> **WHAT TO WORK ON**: Once you reach the line with "Heart failure with" below, copy each line exactly, stopping after the line with "All these steps", and skip any pictures.

> **TASK DATA**:
▬▬▬

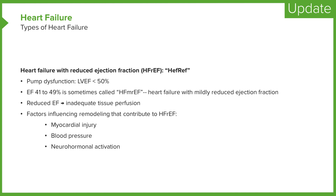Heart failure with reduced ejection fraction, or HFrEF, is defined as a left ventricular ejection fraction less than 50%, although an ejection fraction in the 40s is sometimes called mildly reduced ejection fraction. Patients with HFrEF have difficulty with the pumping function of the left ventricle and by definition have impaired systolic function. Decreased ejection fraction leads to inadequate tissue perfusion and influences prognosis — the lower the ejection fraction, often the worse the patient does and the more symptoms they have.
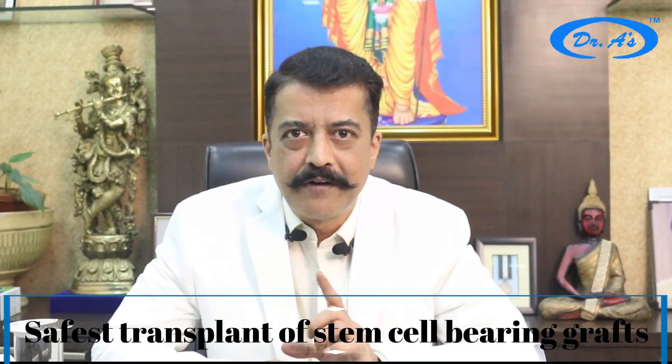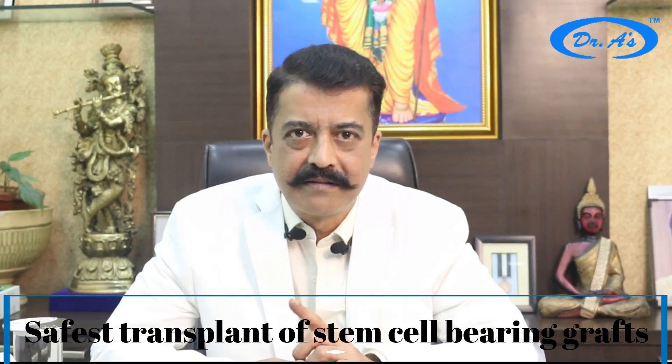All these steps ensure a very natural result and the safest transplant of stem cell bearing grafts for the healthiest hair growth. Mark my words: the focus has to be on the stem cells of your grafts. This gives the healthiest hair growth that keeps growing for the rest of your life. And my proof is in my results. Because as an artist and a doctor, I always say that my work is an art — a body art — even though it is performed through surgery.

▬▬▬

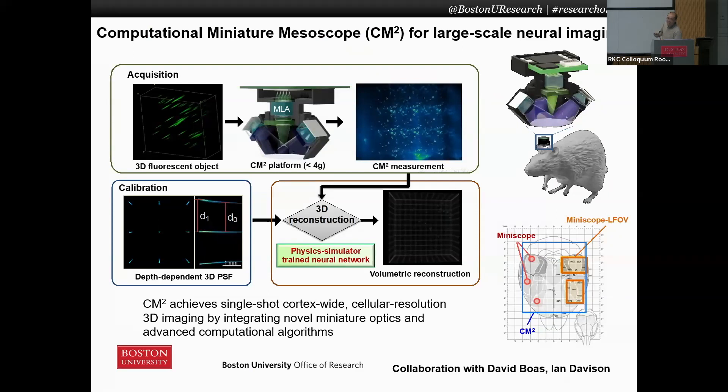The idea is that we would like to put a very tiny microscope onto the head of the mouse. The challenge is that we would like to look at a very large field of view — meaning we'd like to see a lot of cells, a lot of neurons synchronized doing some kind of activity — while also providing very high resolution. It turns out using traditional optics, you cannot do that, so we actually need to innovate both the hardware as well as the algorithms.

▬▬▬

> **ANSWER SECTION**:
Heart failure with reduced ejection fraction, or HFrEF, is defined as a left ventricular ejection fraction less than 50%, although an ejection fraction in the 40s is sometimes called mildly reduced ejection fraction. Patients with HFrEF have difficulty with the pumping function of the left ventricle and by definition have impaired systolic function. Decreased ejection fraction leads to inadequate tissue perfusion and influences prognosis — the lower the ejection fraction, often the worse the patient does and the more symptoms they have.
All these steps ensure a very natural result and the safest transplant of stem cell bearing grafts for the healthiest hair growth. Mark my words: the focus has to be on the stem cells of your grafts. This gives the healthiest hair growth that keeps growing for the rest of your life. And my proof is in my results. Because as an artist and a doctor, I always say that my work is an art — a body art — even though it is performed through surgery.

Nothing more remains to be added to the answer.